Reprinted from the blog: 

"My Name Is Bilal"

ATTN:
Mr. Donald John Trump
1600 Pennsylvania Avenue NW
Washington, DC 20500
ALTERNATIVELY:
Mr. Donald John Trump
721 Fifth Avenue, 26th Floor
New York City, NY 10022
Mr. Trump:
My name is Bilal. I am American.
I was born in the City of Williamsburg, in the Commonwealth of Virginia, to a woman whose ancestry extends as far back as the settlers of that colony almost four hundred years ago. My mother’s blood is the blood of the English and the Irish, the German and the French, all of whom came to this nation when it was a disjointed mass of Colonies, who sought better days in this Land of Opportunity.
My name is Bilal. I am Muslim.
I was born to a Lebanese man who left his home as a teenager in the middle of a war that threatened his life more than once, with barely a nickel in his pocket and not a lick of English on his tongue, praying he would earn that great American dream, that he could build a family, a career, a life for himself in this nation, whose Lady Liberty beckoned him with the promise of a better life.
My name is Bilal. I am condemned in my own home.
One month before my 10th birthday, the actions of the radical few, acting by order of a man so violent that his own family cast him out of their house, and in the name of a Prophet who would condemn their actions outright, brought your hometown and my home country to its knees and painted a target on my back. From that day onward, I was marked: I was and am a terrorist, because it is absolutely reasonable to blame a nine-year old boy from small-town America for being the mastermind behind such evil. I was and am a terrorist, because it is totally sound to take an entire faith and beat them into submission for daring to call God by a different name.
My name is Bilal.

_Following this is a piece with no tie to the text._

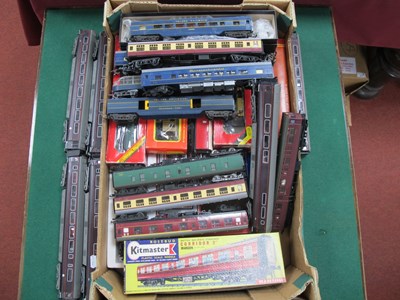 Lot 345 - Thirty 'OO' Gauge/4mm Bogie Coaches, by Hornby,...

I am a Millennial.
I was born in 1991 and have witnessed the miracle that was the start of the Information Age. I am the one that older anchors on your favorite newscasts refer to with daggers in their eyes and spite on their tongues. I am the one dismissed as a spoiled brat who has it too good nowadays, while my colleagues struggle to build their lives out of the nothing that has been left to them. I am the one dissatisfied with recycled sitcoms and disgusted with the status quo you call God.
My name is Bilal. Your friends do not like me.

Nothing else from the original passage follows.